**TASK PROMPT:**
Any pictures in the records below must be left out when you repeat the lines from the line containing "Finally, a bold, smooth, and" through the line containing "Hey everybody, hope" exactly.

**INFORMATION PROVIDED:**
BEGIN
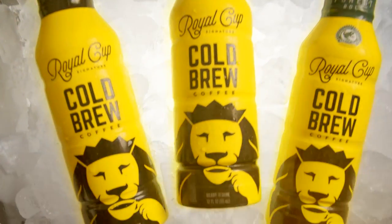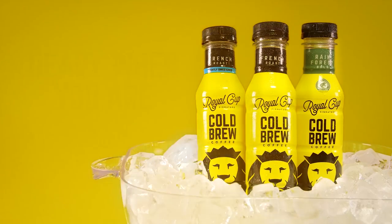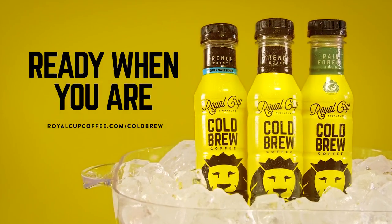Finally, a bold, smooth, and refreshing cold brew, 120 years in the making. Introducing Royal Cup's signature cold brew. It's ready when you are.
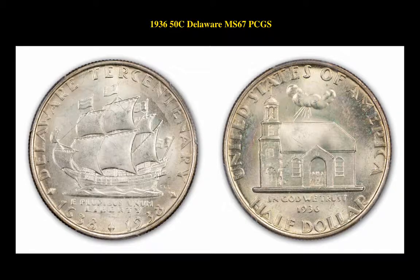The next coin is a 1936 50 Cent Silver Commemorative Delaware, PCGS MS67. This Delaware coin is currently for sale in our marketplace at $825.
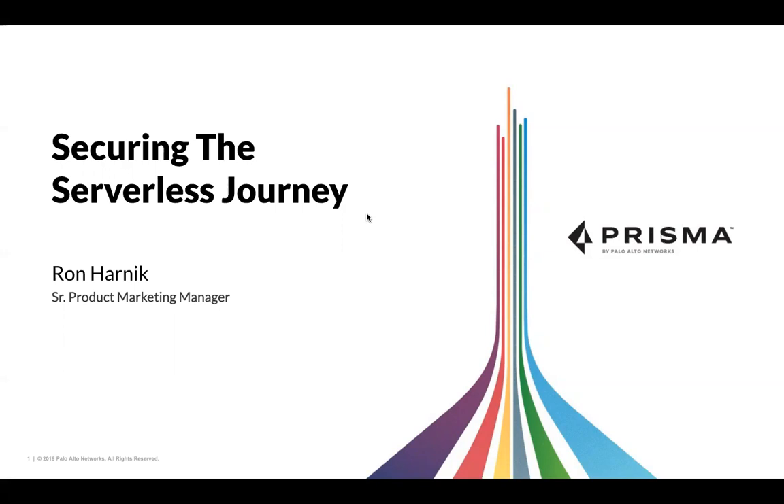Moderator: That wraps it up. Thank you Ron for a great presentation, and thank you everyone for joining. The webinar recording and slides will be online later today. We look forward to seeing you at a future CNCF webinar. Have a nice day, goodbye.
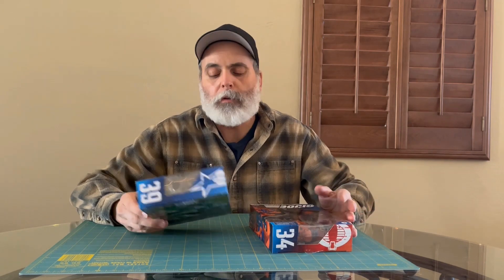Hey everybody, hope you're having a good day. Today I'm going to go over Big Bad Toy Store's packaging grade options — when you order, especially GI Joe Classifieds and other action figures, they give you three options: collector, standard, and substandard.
END
BEGIN
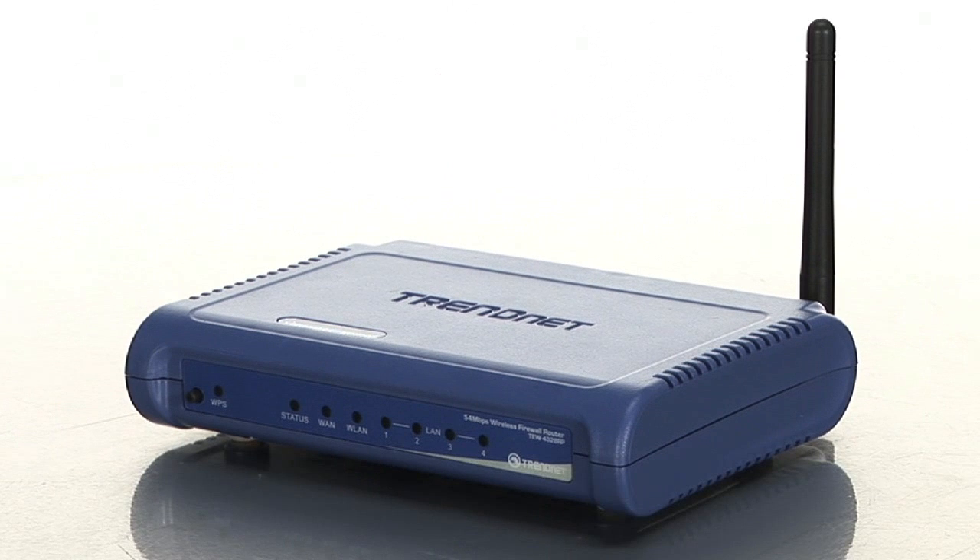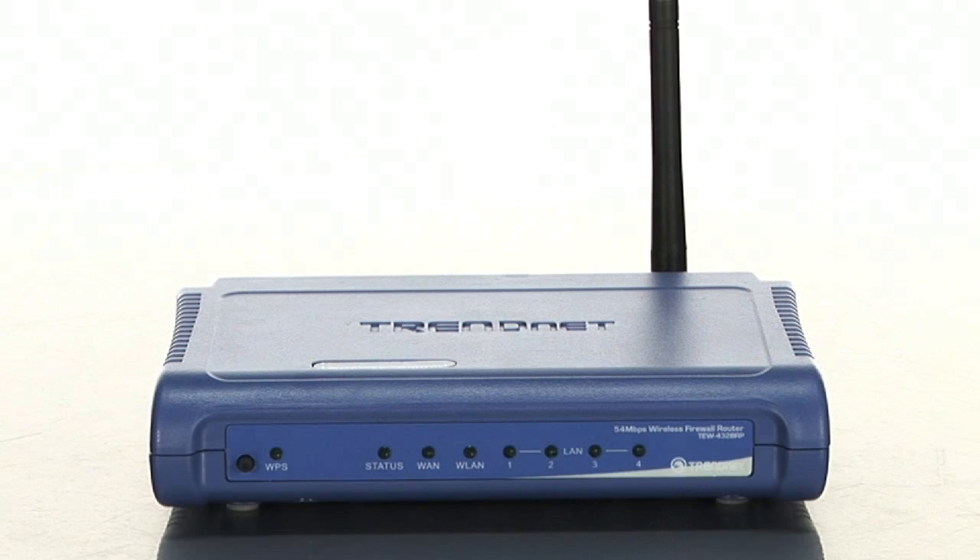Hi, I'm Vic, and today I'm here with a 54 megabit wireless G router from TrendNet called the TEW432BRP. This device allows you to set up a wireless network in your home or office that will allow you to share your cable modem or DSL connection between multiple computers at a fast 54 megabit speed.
END
**OUTPUT FOR THIS TASK:**
Finally, a bold, smooth, and refreshing cold brew, 120 years in the making. Introducing Royal Cup's signature cold brew. It's ready when you are.
The next coin is a 1936 50 Cent Silver Commemorative Delaware, PCGS MS67. This Delaware coin is currently for sale in our marketplace at $825.
Moderator: That wraps it up. Thank you Ron for a great presentation, and thank you everyone for joining. The webinar recording and slides will be online later today. We look forward to seeing you at a future CNCF webinar. Have a nice day, goodbye.
Hey everybody, hope you're having a good day. Today I'm going to go over Big Bad Toy Store's packaging grade options — when you order, especially GI Joe Classifieds and other action figures, they give you three options: collector, standard, and substandard.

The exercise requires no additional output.